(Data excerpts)

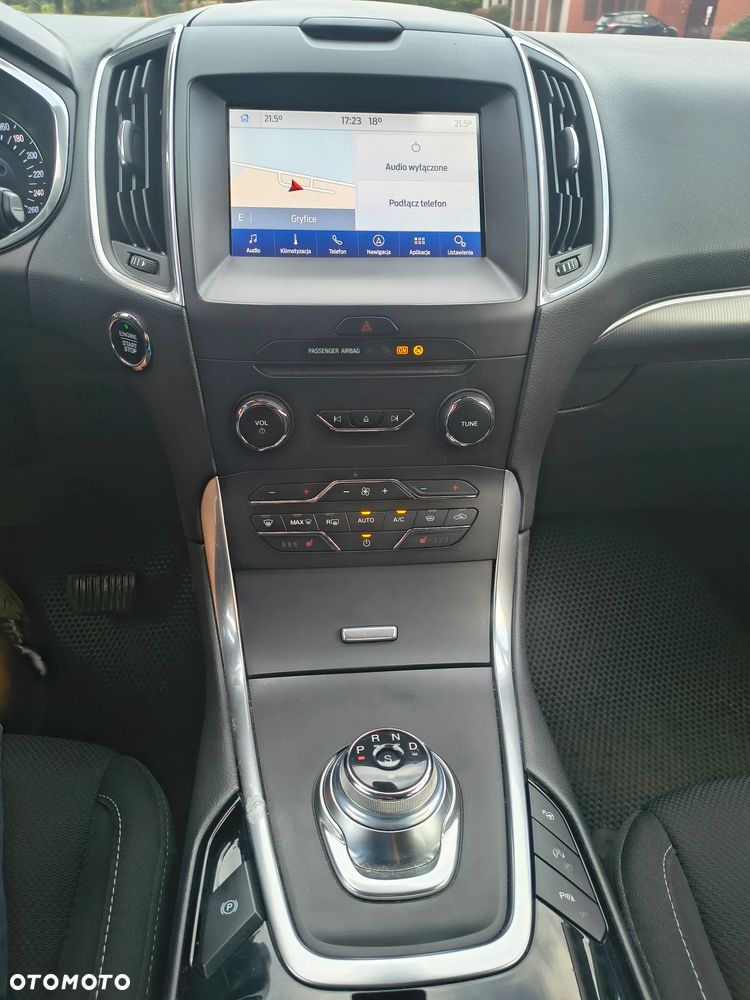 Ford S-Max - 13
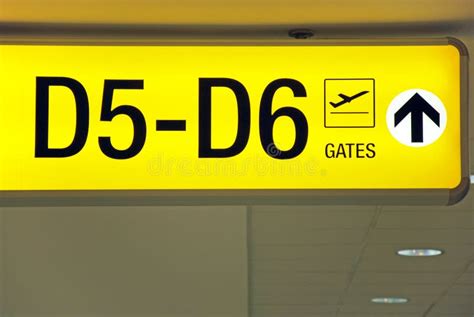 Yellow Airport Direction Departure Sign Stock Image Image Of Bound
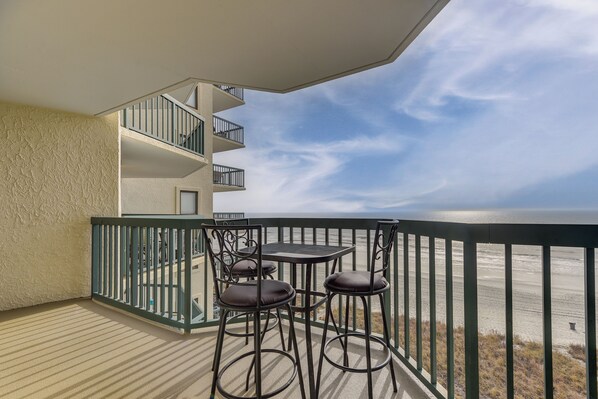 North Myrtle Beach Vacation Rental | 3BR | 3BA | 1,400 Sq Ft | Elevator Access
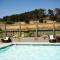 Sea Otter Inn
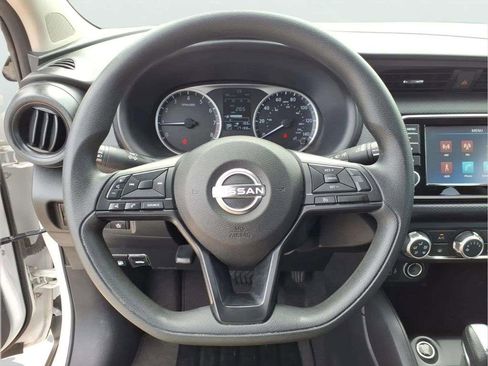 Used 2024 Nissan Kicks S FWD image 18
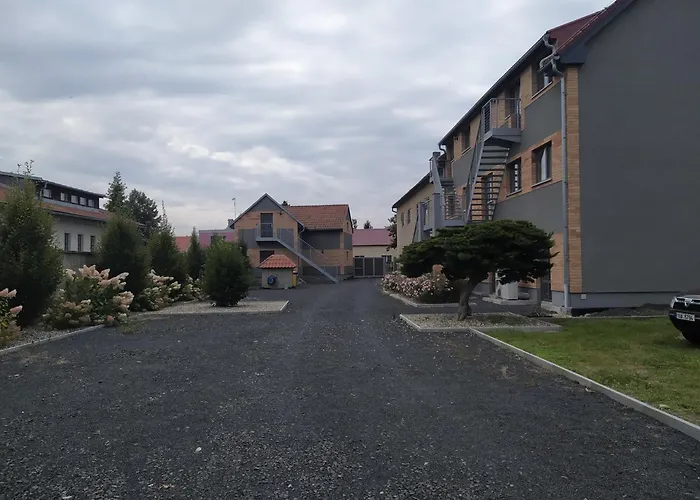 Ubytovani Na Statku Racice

PROBLEM REQUIREMENTS :: Reproduce the records above word for word, without the images.

TASK RESULT ::
 Ford S-Max - 13
 Yellow Airport Direction Departure Sign Stock Image Image Of Bound
 North Myrtle Beach Vacation Rental | 3BR | 3BA | 1,400 Sq Ft | Elevator Access
 Sea Otter Inn
 Used 2024 Nissan Kicks S FWD image 18
 Ubytovani Na Statku Racice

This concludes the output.